To The Victoria Falls

Development of the Victoria Falls

The following text is adapted from 'Footsteps Through Time - A History of Travel and Tourism to the Victoria Falls', researched and written by Peter Roberts and published in 2017. Please visit the Zambezi Book Company website for more information.

The Beginnings of Tourism

The railway from Cape Town arrived at Victoria Falls in 1904 and sparked the growth of the small town, including the building of the Victoria Falls Hotel in the same year. The bridge was opened with great fanfare and celebration in 1905, soon becoming a landmark almost as famous as the Falls themselves.

Ever since these early beginnings, the Victoria Falls have been a magnet for visitors from all over the world. The arrival of the railway brought an end to the days when a trip to see the Falls required an expedition taking months.

Now the distance was measured in days, and tourists replaced explorers. The 2,640 kilometre rail journey from Cape Town, travelling in relative comfort and luxury, heralded the dawn of modern tourism; of sunset river cruises and safari sundowners.

The Union Castle Royal Mail Steamer 'The Capetown Castle'

In 1905 a South African publication declared:

The average man in the street has hardly yet realised that the Victoria Falls are within reach of anybody having a couple of months to spare.

From England, all one had to do was catch the train to port of Southampton. From there, the Union Castle mail steamer sailed every Saturday to Cape Town, taking 16 days. From Cape Town it was a further 3 days to Bulawayo. Travel companies offered travel deals including Thomas Cook, Pickfords, the German East Africa Line and the Aberdeen Line with the last two accessing Rhodesia through the port of Beira, connected by rail to Salisbury.

From Bulawayo the regular passenger train took 22 hours to reach the Falls. There was no catering on the trains, and passengers were advised to bring their own blankets and food for the trip.

Falls on Film

In July 1906 The Optical Lantern and Kinematograph Journal reported that "an expedition will start at the end of July, which has as its object the securing of a comprehensive series of living pictures of the African continent from the Cape to Cairo." The report stated that the films would be taken by the Charles Urban Trading Company, to be shown all over the world "with a view to bringing the resources of the country before the notice of inventors, emigrants and pleasure seekers." (The Optical Lantern and Kinematograph Journal, July 1906, 175).

By March 1907, there were accounts of screenings by the British South Africa Company – including a film called 'The Great Victoria Falls, Zambesi River' which "of fairyland-like beauty, captivated everyone" and was "the topic of conversation in every town where it is shown" (Cinematography and Bioscope Magazine, March 1907, 134, 141 and Convents, Framework, 1988, 108).

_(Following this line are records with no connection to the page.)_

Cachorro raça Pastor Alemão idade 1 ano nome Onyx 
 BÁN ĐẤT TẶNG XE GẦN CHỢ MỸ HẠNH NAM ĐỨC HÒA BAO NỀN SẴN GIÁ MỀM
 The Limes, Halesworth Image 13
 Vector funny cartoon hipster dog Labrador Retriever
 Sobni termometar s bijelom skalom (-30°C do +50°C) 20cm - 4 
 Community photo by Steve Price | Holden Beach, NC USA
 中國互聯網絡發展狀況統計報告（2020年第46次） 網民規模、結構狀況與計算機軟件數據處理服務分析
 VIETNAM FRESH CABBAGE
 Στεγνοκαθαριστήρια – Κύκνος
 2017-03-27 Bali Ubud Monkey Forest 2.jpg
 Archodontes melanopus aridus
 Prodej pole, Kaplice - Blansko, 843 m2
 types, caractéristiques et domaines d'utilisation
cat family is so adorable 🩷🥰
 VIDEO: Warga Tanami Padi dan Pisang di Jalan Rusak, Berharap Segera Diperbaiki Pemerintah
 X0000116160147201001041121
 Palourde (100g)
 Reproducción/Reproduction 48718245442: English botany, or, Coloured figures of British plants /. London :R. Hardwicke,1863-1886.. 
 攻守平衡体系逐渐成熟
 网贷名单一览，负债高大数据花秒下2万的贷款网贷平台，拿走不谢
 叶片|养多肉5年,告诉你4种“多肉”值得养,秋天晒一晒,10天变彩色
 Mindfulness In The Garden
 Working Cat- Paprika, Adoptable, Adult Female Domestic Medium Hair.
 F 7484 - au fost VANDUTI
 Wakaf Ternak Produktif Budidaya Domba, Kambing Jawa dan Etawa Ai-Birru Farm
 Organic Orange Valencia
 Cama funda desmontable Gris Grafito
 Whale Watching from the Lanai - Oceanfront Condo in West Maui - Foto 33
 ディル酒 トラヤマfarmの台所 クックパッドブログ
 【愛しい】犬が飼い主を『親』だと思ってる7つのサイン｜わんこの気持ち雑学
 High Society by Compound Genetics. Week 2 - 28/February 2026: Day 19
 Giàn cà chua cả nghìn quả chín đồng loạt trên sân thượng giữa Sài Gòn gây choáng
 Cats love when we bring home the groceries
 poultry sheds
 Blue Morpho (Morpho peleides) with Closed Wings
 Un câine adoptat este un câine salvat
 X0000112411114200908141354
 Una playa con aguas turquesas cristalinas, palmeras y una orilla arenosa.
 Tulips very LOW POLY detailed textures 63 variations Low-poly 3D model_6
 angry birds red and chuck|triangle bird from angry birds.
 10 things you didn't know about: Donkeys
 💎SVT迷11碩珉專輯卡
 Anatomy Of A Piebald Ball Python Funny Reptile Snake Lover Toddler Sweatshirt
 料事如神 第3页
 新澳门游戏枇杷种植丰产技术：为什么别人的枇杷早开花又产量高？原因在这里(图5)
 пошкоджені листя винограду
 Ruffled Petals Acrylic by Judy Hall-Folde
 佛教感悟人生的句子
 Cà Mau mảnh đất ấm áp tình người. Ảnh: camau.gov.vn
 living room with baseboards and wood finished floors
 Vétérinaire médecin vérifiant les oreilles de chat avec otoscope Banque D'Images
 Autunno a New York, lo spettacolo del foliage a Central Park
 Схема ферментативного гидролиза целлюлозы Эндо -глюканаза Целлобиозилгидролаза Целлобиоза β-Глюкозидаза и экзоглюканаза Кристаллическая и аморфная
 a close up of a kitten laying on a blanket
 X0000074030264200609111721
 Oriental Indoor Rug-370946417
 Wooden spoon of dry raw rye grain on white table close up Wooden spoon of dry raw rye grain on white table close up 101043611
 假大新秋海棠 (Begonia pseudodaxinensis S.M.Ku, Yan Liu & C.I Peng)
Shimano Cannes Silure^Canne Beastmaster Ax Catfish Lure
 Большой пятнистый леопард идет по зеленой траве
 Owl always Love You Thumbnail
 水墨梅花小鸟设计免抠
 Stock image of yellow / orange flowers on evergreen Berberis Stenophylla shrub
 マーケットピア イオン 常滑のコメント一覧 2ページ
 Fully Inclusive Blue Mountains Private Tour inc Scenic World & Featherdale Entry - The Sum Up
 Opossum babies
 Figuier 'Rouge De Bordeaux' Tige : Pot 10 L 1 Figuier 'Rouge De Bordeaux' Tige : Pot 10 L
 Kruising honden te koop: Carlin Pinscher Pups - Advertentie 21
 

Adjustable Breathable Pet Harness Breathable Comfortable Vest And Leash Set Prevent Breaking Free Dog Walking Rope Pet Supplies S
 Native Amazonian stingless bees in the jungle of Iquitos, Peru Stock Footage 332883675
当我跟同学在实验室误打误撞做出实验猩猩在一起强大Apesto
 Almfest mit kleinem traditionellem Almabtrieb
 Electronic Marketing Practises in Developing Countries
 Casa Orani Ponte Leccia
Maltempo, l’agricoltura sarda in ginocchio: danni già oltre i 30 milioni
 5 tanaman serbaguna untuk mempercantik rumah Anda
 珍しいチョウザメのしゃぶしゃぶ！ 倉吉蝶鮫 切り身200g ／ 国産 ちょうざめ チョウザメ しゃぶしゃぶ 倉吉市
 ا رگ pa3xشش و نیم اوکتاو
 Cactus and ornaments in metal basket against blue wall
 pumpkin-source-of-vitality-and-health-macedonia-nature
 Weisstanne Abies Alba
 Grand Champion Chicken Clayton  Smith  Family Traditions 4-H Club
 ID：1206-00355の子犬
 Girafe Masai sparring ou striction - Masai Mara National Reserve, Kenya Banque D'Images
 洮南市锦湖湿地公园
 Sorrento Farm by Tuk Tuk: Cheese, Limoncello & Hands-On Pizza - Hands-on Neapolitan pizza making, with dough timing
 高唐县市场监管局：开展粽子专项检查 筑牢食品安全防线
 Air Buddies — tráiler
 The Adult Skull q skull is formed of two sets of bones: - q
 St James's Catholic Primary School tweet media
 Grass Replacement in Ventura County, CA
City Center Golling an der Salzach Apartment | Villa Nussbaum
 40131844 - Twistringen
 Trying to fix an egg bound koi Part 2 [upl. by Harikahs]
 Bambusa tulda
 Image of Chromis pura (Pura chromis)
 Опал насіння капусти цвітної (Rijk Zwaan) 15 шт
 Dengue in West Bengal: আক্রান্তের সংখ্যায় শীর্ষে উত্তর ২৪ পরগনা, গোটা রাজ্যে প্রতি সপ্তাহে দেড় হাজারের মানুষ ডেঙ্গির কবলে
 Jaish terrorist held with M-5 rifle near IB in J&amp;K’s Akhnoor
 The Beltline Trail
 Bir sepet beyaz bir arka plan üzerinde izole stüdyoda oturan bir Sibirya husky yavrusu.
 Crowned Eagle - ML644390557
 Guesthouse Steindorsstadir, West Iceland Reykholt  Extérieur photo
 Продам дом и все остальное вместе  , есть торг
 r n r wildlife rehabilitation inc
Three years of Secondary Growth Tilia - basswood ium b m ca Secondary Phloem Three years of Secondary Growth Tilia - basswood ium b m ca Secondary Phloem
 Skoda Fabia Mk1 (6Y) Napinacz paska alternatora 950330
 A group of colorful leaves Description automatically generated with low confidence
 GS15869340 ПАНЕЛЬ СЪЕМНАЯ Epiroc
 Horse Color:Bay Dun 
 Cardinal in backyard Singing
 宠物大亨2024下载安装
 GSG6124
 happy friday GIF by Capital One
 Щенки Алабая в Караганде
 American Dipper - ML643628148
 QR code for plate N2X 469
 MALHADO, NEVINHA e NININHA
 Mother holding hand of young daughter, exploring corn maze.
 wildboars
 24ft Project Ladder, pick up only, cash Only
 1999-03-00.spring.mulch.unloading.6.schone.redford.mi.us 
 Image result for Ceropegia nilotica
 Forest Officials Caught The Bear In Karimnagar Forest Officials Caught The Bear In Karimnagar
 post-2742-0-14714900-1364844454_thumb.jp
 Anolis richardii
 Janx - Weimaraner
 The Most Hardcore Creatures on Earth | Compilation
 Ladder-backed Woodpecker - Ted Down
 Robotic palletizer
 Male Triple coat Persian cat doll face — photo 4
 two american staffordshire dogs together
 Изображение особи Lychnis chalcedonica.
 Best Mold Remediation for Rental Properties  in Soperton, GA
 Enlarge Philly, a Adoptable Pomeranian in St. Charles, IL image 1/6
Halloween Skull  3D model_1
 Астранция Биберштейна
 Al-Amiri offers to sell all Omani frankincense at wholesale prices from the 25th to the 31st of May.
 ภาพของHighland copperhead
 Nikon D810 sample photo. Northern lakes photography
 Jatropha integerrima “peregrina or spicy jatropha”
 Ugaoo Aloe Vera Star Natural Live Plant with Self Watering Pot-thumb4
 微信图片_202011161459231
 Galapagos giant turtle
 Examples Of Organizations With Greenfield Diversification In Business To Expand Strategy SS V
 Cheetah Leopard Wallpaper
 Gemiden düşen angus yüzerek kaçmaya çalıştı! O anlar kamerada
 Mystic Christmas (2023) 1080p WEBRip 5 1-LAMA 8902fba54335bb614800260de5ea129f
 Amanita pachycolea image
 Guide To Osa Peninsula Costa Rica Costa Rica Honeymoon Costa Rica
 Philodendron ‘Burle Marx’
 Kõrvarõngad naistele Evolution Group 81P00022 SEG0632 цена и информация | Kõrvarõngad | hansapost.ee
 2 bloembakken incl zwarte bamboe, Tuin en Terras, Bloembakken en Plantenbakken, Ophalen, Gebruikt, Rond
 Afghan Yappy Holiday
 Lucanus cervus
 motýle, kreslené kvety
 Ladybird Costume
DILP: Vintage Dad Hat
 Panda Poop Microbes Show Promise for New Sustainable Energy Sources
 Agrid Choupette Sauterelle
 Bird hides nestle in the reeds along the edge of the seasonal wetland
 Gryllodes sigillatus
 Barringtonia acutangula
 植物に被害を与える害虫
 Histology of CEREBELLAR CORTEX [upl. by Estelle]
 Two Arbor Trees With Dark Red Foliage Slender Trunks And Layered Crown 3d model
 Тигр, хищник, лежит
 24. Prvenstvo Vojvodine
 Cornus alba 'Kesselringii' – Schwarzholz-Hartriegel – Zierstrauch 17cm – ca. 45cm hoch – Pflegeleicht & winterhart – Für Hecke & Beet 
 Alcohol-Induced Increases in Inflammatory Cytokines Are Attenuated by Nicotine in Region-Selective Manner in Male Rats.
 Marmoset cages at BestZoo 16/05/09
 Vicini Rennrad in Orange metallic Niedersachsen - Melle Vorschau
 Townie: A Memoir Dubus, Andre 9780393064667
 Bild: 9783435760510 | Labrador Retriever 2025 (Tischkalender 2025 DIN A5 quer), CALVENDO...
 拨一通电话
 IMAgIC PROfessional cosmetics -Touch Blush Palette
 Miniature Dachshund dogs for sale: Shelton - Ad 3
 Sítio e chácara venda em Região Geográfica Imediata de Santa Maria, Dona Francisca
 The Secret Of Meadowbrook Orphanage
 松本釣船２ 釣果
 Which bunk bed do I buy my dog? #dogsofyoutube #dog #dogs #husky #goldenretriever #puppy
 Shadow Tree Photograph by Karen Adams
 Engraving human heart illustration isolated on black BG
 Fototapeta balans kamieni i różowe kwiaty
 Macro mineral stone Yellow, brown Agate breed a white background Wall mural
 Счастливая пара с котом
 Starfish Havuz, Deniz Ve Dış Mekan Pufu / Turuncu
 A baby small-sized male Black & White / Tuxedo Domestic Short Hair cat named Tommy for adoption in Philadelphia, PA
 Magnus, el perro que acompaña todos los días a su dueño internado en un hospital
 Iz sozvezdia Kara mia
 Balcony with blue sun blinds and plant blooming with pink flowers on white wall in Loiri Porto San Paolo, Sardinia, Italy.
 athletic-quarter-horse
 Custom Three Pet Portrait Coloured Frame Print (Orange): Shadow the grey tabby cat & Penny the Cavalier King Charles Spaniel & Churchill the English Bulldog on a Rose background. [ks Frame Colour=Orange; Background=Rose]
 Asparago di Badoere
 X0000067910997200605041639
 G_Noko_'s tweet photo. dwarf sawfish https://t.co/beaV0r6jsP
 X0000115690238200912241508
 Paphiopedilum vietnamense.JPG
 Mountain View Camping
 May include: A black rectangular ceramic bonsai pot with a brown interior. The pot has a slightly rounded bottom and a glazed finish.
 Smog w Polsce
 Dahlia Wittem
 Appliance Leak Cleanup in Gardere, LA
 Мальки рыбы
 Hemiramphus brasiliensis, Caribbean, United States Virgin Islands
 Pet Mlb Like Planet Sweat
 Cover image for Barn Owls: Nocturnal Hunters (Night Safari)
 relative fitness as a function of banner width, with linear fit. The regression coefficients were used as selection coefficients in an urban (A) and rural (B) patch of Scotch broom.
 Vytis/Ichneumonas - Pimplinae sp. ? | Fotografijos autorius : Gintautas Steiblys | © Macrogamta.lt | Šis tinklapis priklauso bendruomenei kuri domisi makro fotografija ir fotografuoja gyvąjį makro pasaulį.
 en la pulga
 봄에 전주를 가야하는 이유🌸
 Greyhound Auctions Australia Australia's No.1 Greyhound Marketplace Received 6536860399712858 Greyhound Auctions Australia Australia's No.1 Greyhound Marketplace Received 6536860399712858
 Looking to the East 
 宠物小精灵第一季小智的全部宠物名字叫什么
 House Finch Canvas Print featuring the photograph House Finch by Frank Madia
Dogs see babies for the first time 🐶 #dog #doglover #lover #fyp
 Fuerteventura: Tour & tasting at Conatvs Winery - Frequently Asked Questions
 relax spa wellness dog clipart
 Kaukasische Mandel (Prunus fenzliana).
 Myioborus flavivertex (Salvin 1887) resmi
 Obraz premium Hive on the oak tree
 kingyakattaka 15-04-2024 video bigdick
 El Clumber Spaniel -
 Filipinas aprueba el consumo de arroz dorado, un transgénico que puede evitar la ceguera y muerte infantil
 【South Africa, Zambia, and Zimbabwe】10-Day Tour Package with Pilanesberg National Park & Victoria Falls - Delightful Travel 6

Advertisements for the films outlined the positive reviews from the British press and described the expedition as ‘realising Rhodes’ dream’. In July 1907, The Kinematograph and Lantern Weekly published a lengthy full-page review, lavishing praise on the film and, when describing a scene of the Eastern Falls, stated that ‘it is without exception the finest kinematograph picture we have ever seen’. It praised the work of the ‘expert kinematographer’ – the viewer feels as if they are ‘standing at the water’s edge rather than merely looking at a pictorial reproduction’ – and presented the film as an ‘admirable example of the unique powers of the kinematograph, in the recreation of pleasurable sensations’. The review further emphasised the power of film as a medium – ‘words fail to convey an adequate idea of the grandeur of the scenes depicted; indeed we doubt whether the powers of a Ruskin, or a Thomas Hardy, would be equal to the task involved’ – and anticipated that ‘the Charles Urban Company’s latest triumph in kinematograph art… will create a sensation and receive the enthusiastic reception it deserves’ (Kinematograph and Lantern Weekly, 4 July 1907, 126).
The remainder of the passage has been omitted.